== Dataset records ==
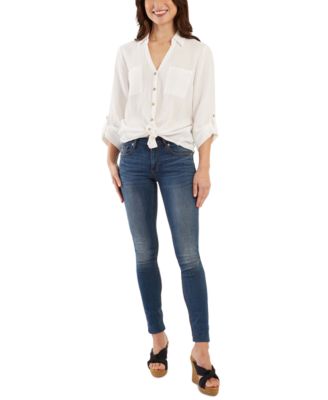 BCX Juniors' Tie-Front Shirt - Macy's
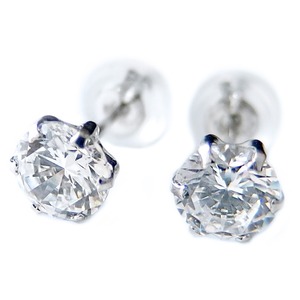 スーパーキュービックジルコニア ピアス プラチナ Pt900 高品質 ハート&キューピッド H&C 大粒 1ctサイズ シリコン製ダブルロックキャッチ仕様 一粒留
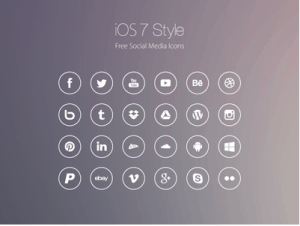 Symbole für soziale Medien im iOS7-Stil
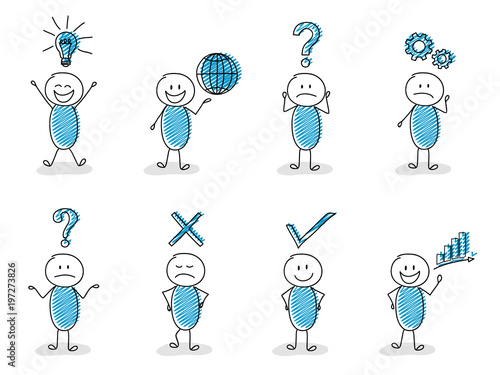 Concept of business and finance icons with funny stickman - set. Vector.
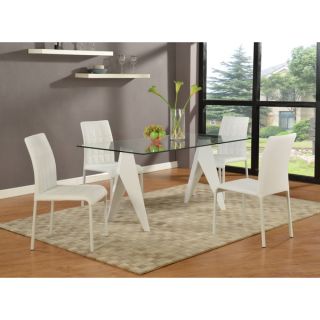 Somette Ursula Gloss White and Glass Dining Set (Set of 5)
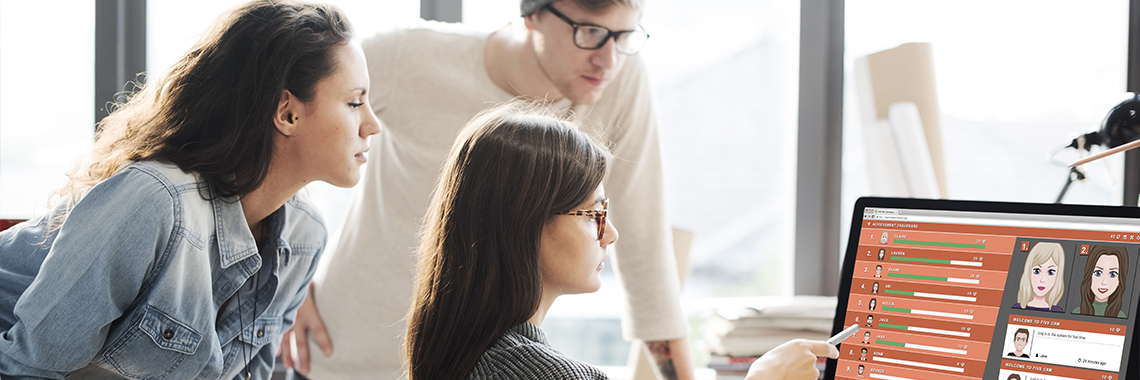 Three people looking at a customer profile.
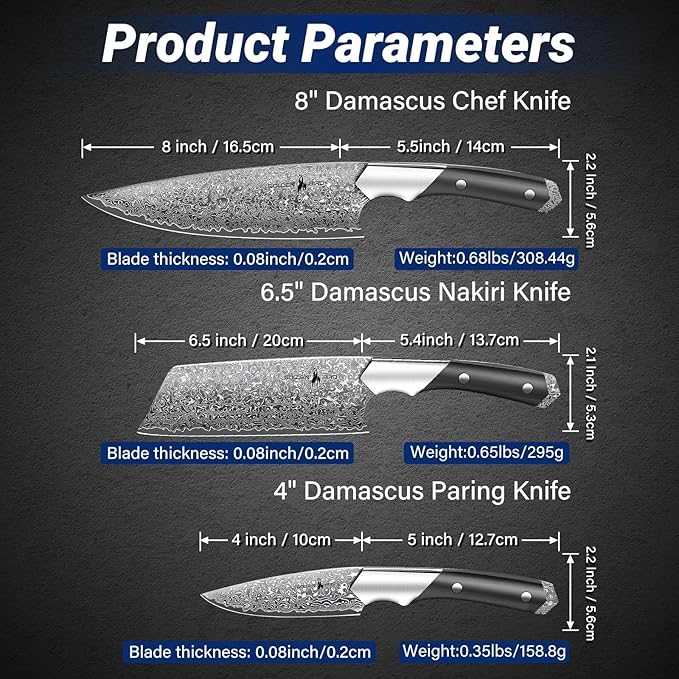 Set Cuchillos Cocina 3 Piezas Acero Inoxidable miniatura 7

== Task instructions ==
Repeat only what lies between the start of the data and the end of the line containing "Three people looking at a customer profile.", exactly, with pictures left out.

== Task solution ==
 BCX Juniors' Tie-Front Shirt - Macy's
 スーパーキュービックジルコニア ピアス プラチナ Pt900 高品質 ハート&キューピッド H&C 大粒 1ctサイズ シリコン製ダブルロックキャッチ仕様 一粒留
 Symbole für soziale Medien im iOS7-Stil
 Concept of business and finance icons with funny stickman - set. Vector.
 Somette Ursula Gloss White and Glass Dining Set (Set of 5)
 Three people looking at a customer profile.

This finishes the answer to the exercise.